The substitute raises the public possession limit to 2.5 ounces and preserves graduated penalties for larger amounts. Home cultivation remains limited to four plants per household; the substitute keeps civil penalties for modest overages and felony exposure only for very large amounts. The bill also narrows edible potency to 5 milligrams of THC per serving and 50 milligrams per package and forbids child‑friendly shapes or packaging. The proposal delays the market's opening to Jan. 1, 2027, and revises transitional immunity periods tied to that date.

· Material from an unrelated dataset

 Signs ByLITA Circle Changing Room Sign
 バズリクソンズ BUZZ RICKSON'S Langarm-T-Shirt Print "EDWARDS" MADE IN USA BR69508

Why it matters: the substitute tries to balance competing priorities — ending criminalization for personal use, protecting youth, and creating a licensed market that displaces unlicensed sellers. Committee members debated whether some new penalties mirror antiquated alcohol statutes and whether adopting strict licensing penalties will create perverse outcomes for small producers.

Details and debate: supporters and the bill's patron described stricter enforcement tools, including the authority for regulatory decal requirements, escalating fines for unlicensed sales, and the ability to revoke licenses for repeated violations. Several senators objected to amendments that raise penalties for unlicensed sales and to mandatory minimum language that had been proposed earlier; patrons said penalties are necessary to create incentives to operate in the licensed market. The patron also emphasized consumer safeguards such as no delivery to sensitive locations, lab testing and age‑verification standards.

Next steps: the committee adopted line and penalty amendments and voted to report the substitute and refer it to the Finance Committee for fiscal review and further negotiation. Supporters and opponents signaled that many contested provisions will be hashed out in Finance and conference negotiations.